Your output must be the lines below from the line containing "Norsa Pharma Nucleobutin Forte 60 k" to the line containing "2020 RAM 1500 Classic Warlock", both lines included, reproduced exactly and without pictures.

*EXERCISE INPUT*:
= = = = =

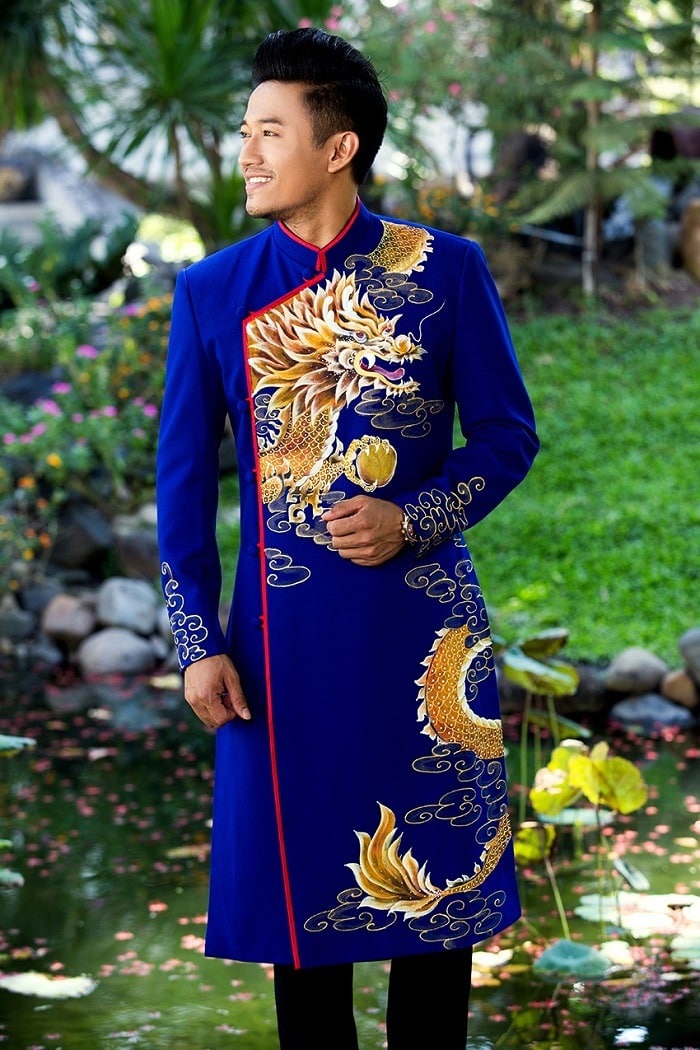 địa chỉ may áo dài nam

= = = = =

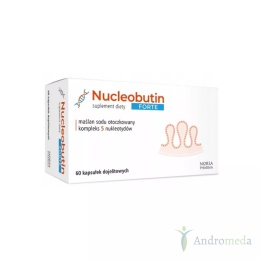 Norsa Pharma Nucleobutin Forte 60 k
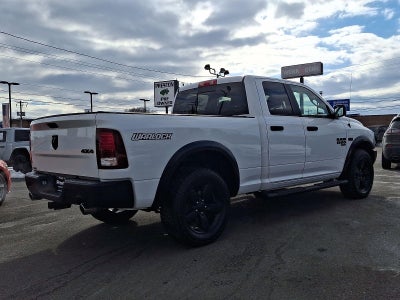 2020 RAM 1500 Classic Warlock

= = = = =

*COMPLETED EXERCISE*:
 Norsa Pharma Nucleobutin Forte 60 k
 2020 RAM 1500 Classic Warlock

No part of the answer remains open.